== Instructions to follow ==
Going line by line through the records below, write out everything starting with the line containing "アカシア鍼灸整骨院の写真/季" and going on through the line containing "Body Contouring Before", exactly and inclusively. Pictures do not go in.

== Dataset entries ==
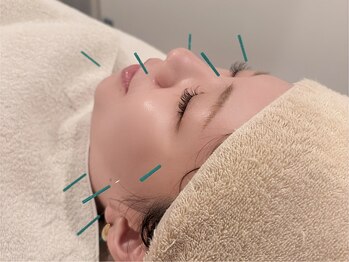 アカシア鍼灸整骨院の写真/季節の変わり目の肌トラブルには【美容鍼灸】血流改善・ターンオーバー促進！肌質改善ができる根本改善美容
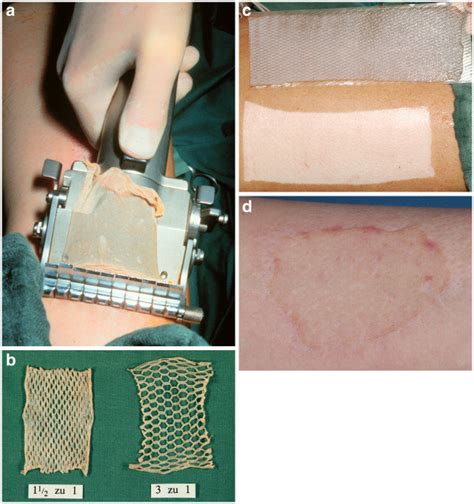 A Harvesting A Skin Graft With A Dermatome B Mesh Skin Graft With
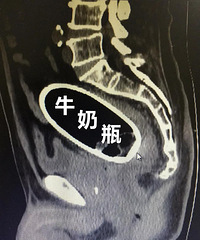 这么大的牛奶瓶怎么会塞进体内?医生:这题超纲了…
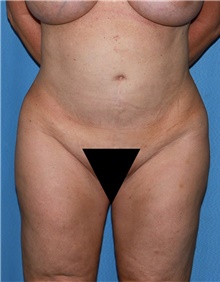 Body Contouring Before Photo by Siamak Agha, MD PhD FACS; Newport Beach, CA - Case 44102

...

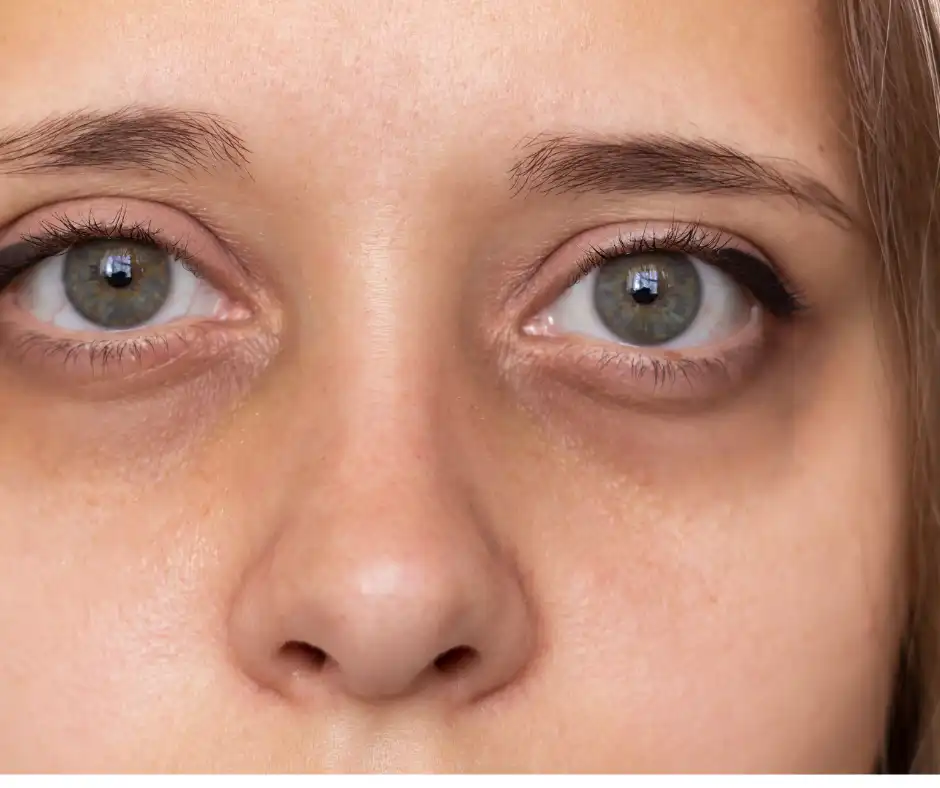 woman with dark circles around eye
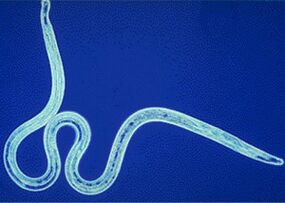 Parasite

== Solution for this problem ==
 アカシア鍼灸整骨院の写真/季節の変わり目の肌トラブルには【美容鍼灸】血流改善・ターンオーバー促進！肌質改善ができる根本改善美容
 A Harvesting A Skin Graft With A Dermatome B Mesh Skin Graft With
 这么大的牛奶瓶怎么会塞进体内?医生:这题超纲了…
 Body Contouring Before Photo by Siamak Agha, MD PhD FACS; Newport Beach, CA - Case 44102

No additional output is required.